A population is the total set of subjects or things we are interested in studying. Populations are defined by what a researcher is studying and can come in all shapes and sizes.


A frame is a list containing all members of the population.


Population parameters are facts about the population. Since parameters are descriptions of the population, a population can have many parameters. Parameters can be averages, percentages, minimums, or maximums. For a specific population at a specific point in time, population parameters do not change.


A sample is a subset of the population which is used to gain insight about the population. Samples are used to represent a larger group, the population. 


A statistic is a fact or characteristic about the sample. For any given sample a statistic is a fixed number. Statistics are used as estimates of population parameters. 


A process is a method for obtaining a desired result. The idea of a process is closely tied to quality control. In order to improve a process, there must be an understanding of how the process is currently performing. This required definition and measurement of the process. 


The science of statistics is divided into two categories, descriptive and inferential. Descriptive methods describe and summarize data. Descriptive statistics is the collection, organization, and presentation of data.

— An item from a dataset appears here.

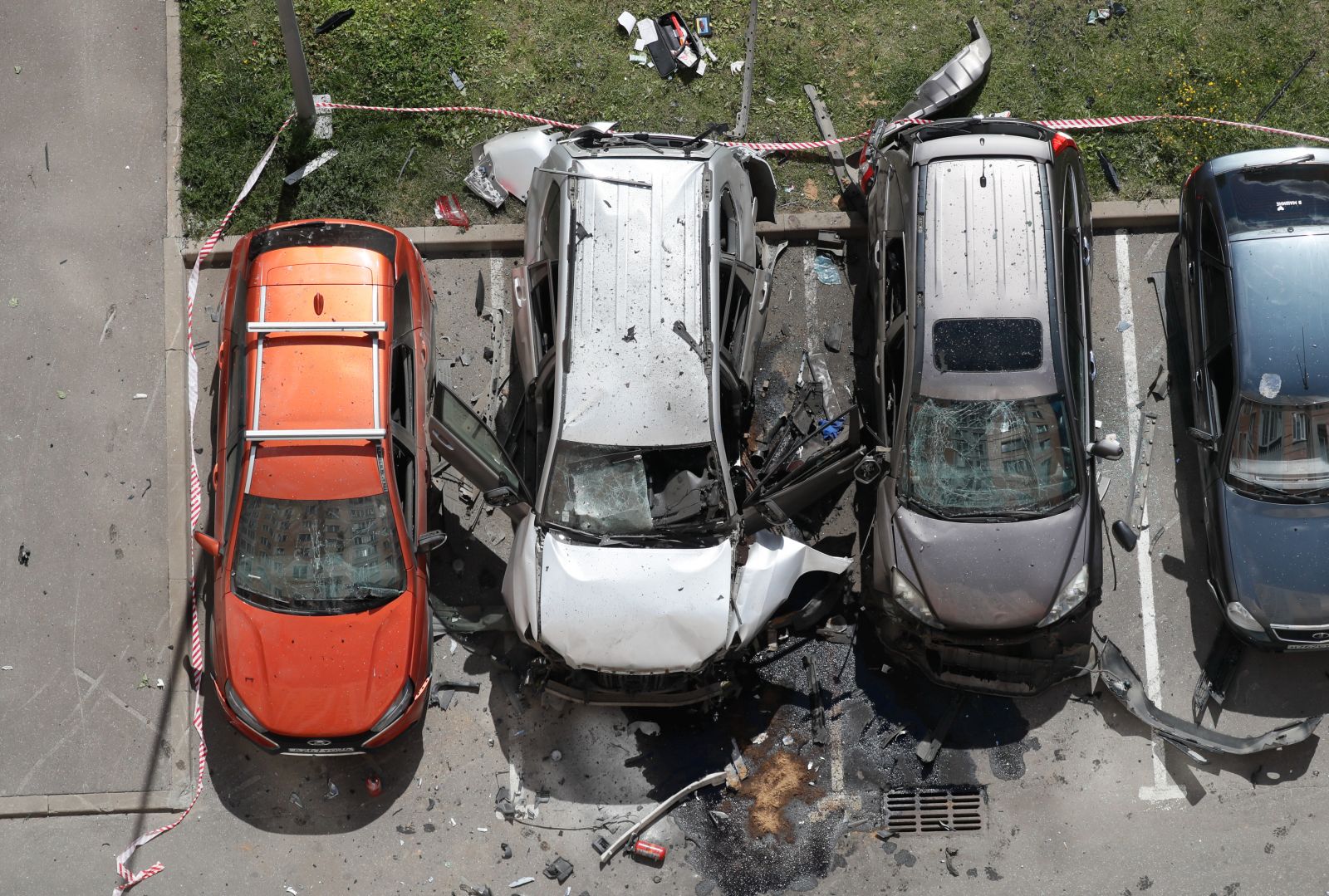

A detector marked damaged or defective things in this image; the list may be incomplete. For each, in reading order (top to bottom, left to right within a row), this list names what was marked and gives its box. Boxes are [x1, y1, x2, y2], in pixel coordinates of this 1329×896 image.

The objective of inferential statistics is to make reasonable guesses about the population characteristics using sample data. 

Collecting and Analyzing Data

Part of becoming a problem solver and user of statistics is developing an ability to appraise the quality of measurements. When you encounter data, consider whether the concept under study is adequately reflected by the proposed measurements, is the data measured accurately, and is there a sufficient quantity of the data to draw a reasonable conclusion.


Measurement and data are an integral part of science. Methods have been developed to solve research problems. Gather information about the phenomenon being studied. On the basis of the data, formulate a preliminary generalization or hypothesis. Collect further data to test the hypothesis. If the data and other subsequent experiments support the hypothesis, it becomes a law.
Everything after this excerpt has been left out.